Now a couple months ago my father in law was over and saw my set of brass template guides. He did'nt know what they were so I showed him how they work and told him that I would like to find a larger set. I did'nt know he was even paying attention but apparently he did an internet search or something because on my birthday he gave me a set of the larger 1 1/2" guides (I think there from Lee Valley).

So tonight I quickly made a 8" round sub base that accepts the new guides. Only to find that the aperature of the Bosch will not allow me to change guides.I can put the guide in the base and mount it to the router but theres not enough clearance to grip the nut and make a change once mounted. So it looks like I'm in the market for a new router. I allready have 4, but I've heard you can't even enter the state of Colorado without at least 3 times that many. 

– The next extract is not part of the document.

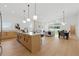Open-concept kitchen featuring a large island, modern appliances, and seamless flow to the dining and living areas at 1514 55Th N Ave, St Petersburg, FL 33703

Right now the new Craftsmen 2 base combo is looking pretty good for the price and I've heard they have a very smooth plunge. But I'd like to here from the guys that have been using it for awhile. To see what they think of it for this type of application.


----------



## harrysin (Jan 15, 2007)

Rusty, the best advice I can give you is to find a router with the biggest opening and the largest holes for the skis, both of my Makita's answer this description. 1/2" or even 12mm
ski rods are far less prone to sag than 3/8".


----------



## bobj3 (Jan 17, 2006)

Hi Rusty

I have two of the NEW type CarftsMan routers one is setup with the skis all the time, it works great for that job, here's a snapshot see below,,, some time I agree with Harry and sometimes I don't the Makita router is a great router but in order to get the big holes for the bigger rods the router must be the 3HP one and it a be over kill for most plunge jobs or to say hand router jobs the 2HP Craftsman has all the power you need I think, but yes it will only take up to 3/8" dia. rods but you can always make a new base plate with a 3" hole if you need to but the one I made was for the bigger brass guides 1 3/4" Oak_Park type/Lee Valley type,,, I also found out that the 3/8" rods don't sag when you use a nut and a big fender washer on both side of the ski jigs to push the load out to a 1 1/2" load spot,,,to keep the rods from sagging I keep them adjusted as close as I can to the template frame box/holding frame...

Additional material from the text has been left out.